If the dataset does contain personally identifiable information, making it publicly available is problematic. Because, publishing personal information, even with consent, can conflict with the GDPR (articles 5(1)(c) and 4(1)(c)), which provides that personal data must be “adequate, relevant and limited to what is necessary in relation to the purposes for which they are processed”. Furthermore, under article 6(1)(a) of the GDPR, consent must be given for one or more specific purposes. Can the publication of a dataset be seen as ‘specific enough’? Publishing data containing personal information can also make it difficult (or impossible) for participants to exercise their ‘right to be forgotten’ (articles 17 & 19), as further reuse may be the intended goal of the publication. Finally, participants are allowed to withdraw their consent. Participants need to be made fully aware of these issues. For some types of data publishing them may be a trivial decision, but for more sensitive categories or complex types of data require a serious weighing of pros and cons.

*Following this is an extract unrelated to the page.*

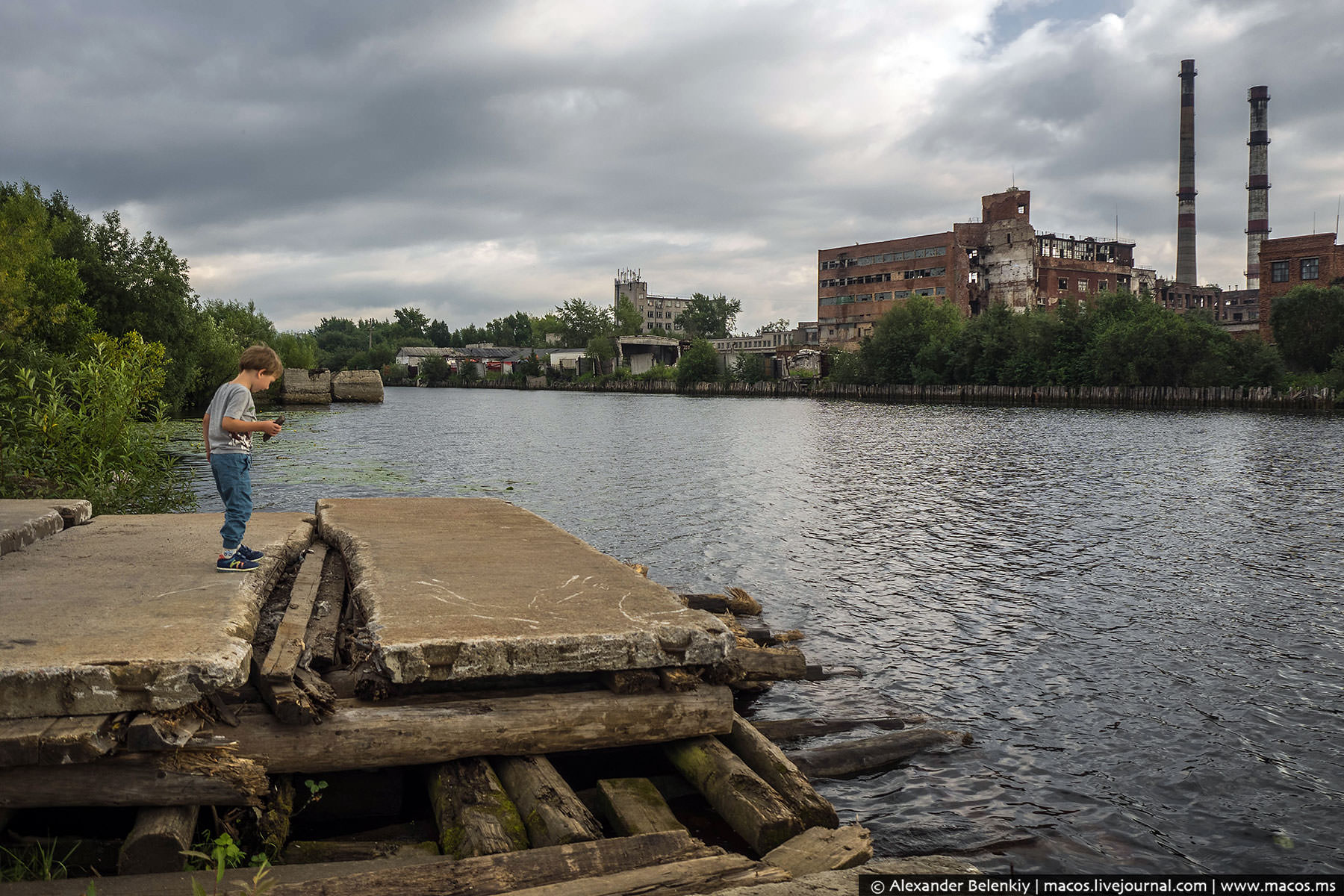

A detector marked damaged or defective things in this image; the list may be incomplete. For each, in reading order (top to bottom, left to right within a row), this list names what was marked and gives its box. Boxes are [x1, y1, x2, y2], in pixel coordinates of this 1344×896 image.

cracked concrete edge [0, 515, 314, 720]
broken dock [0, 497, 924, 896]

While on the one hand, individuals have the autonomy to determine how much of their data they wish to disclose, and to accept the risk associated with the potential loss of control over data once it becomes publicly available, recognizing the challenges in effectively removing such data once released. On the other hand, researchers should perhaps protect participants from themselves and be cautious with sharing their data. Therefore, it’s advisable to consult with the ethics committee to determine if disclosure is truly permissible. Furthermore, when personally identifiable information is published to the public domain, those reusing the data will also need their own legal ground under the GDPR to do so.

In conclusion, it remains advisable to aim for fully anonymous datasets when publishing data. When this is not possible, publish with restricted access to better safeguard the rights of the participants.